De gauche à droite: le Dr. Amit Sitt, le Dr. Marina Ben-Shoshan, le Dr. Ayelet Di Segni, le Prof. Lihi Adler-Abramovich et Dana Cohen-Gerassi (Crédit :Université de Tel-Aviv)
Les chercheurs ont démontré l’efficacité de cette méthode lors d’expériences précliniques sur des modèles animaux. « L'implantation sur des modèles animaux a donné des résultats impressionnants, multipliant par deux la vitesse de cicatrisation. Alors que le traitement standard permet de refermer la moitié de la brûlure en huit jour, notre méthode n'a pris que quatre jours. Nous avons montré que nos greffons favorisent la cicatrisation et réduisent considérablement le temps de guérison. L’implant favorise réellement la cicatrisation de la brûlure, remplace la peau endommagée et permet son intégration à la peau existante ».
Entièrement fabriquée à partir des cellules du patient
« En combinant ingénierie tissulaire et ingénierie des matériaux, nous avons développé un tissu cutané qui représente une véritable avancée dans le traitement des brulures. Entièrement fabriquée à partir des cellules du patient, cette peau est résistante, flexible, facile à manipuler et accélère considérablement la cicatrisation.
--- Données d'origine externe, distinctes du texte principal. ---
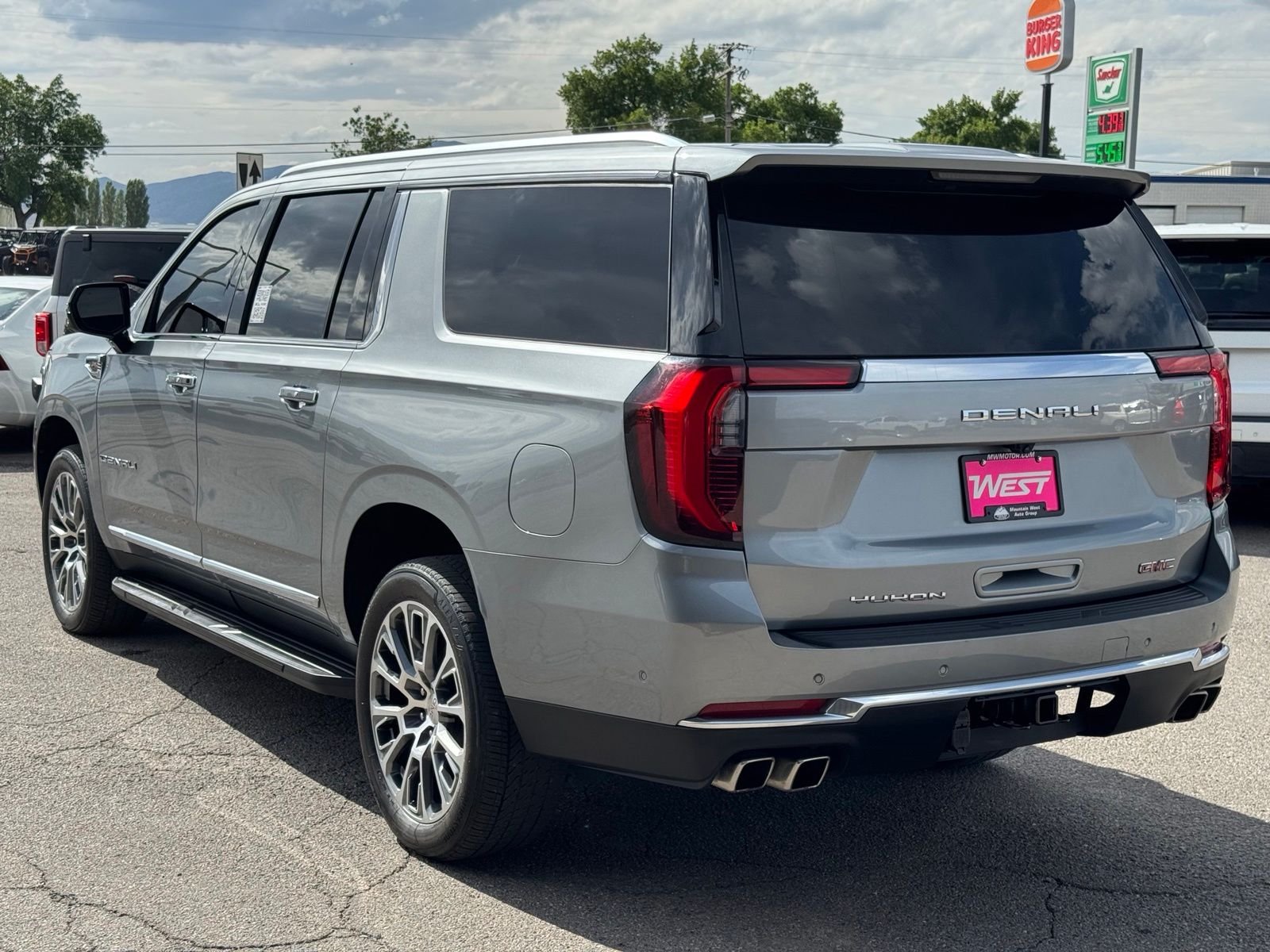 Used 2025 Sterling GMC Denali image 11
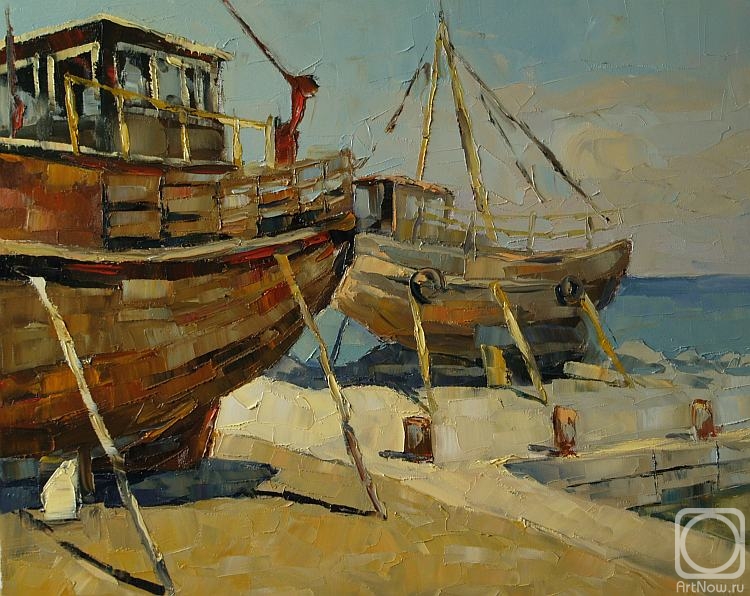 Antipov Stanilsav. Untitled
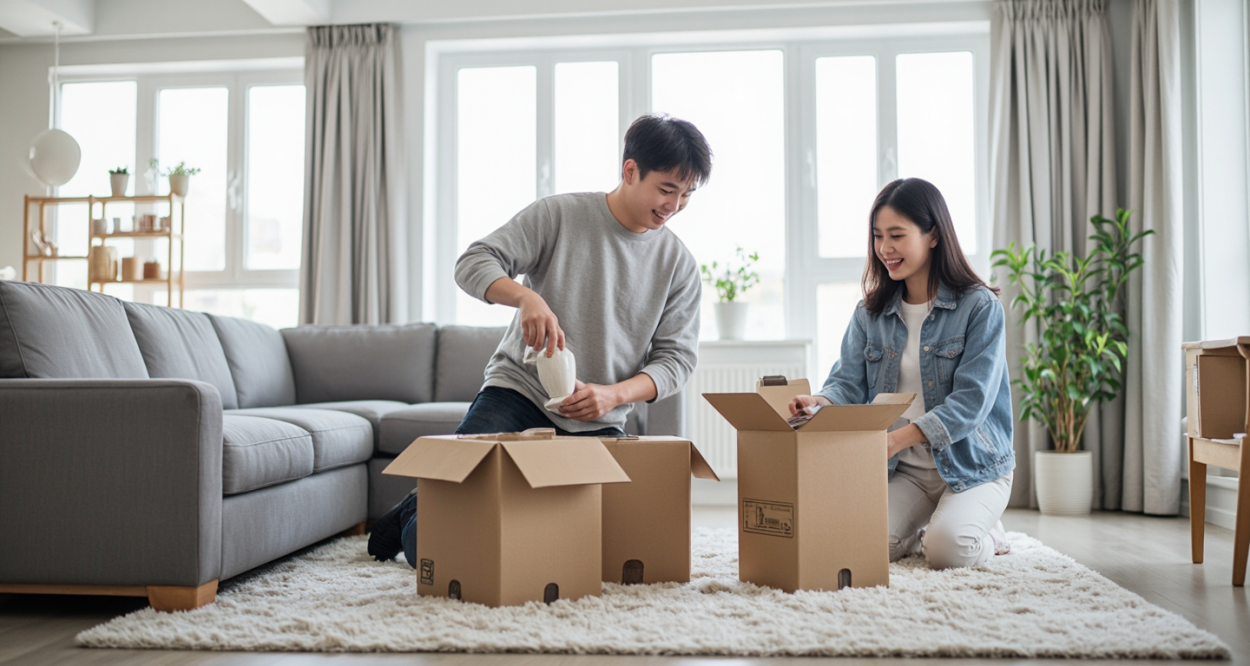 货拉拉搬家电话：一键解锁高效搬家新体验轮播图1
Il s'agit d'un progrès majeur vers des thérapies personnalisées qui peuvent grandement améliorer la guérison et la qualité de vie des victimes de brulures graves, soldats comme civils », conclut le Prof. Yossi Haik.
« Nous collaborons actuellement avec l'hôpital Sheba, et travaillons dans le cadre de protocoles basés sur les normes cliniques actuelles », explique le Prof. Adler-Abramovich. « Pour que la technologie puisse véritablement être utilisée chez l'homme, nous devons passer par tous les processus réglementaires et obtenir les autorisations nécessaires. L'essai préclinique que nous avons mené constitue la première étape, qui nous permet d'avancer dans ce développement et de nous rapprocher de l'application sur le terrain ».
« Je rêve que cette méthode devienne le traitement standard des brûlures », ajoute-t-elle. « Mais de plus, le potentiel de cette technologie est vaste : elle peut également convenir aux plaies difficiles à cicatriser comme les plaies diabétiques, et à d'autres cas complexes. Beaucoup de patients en Israël et dans le monde sont confrontés à ces problèmes. Si nous parvenons à leur rendre ces implants accessibles, nous pourrons non seulement sauver des blessés, mais aussi améliorer considérablement la qualité de vie de milliers de patients ».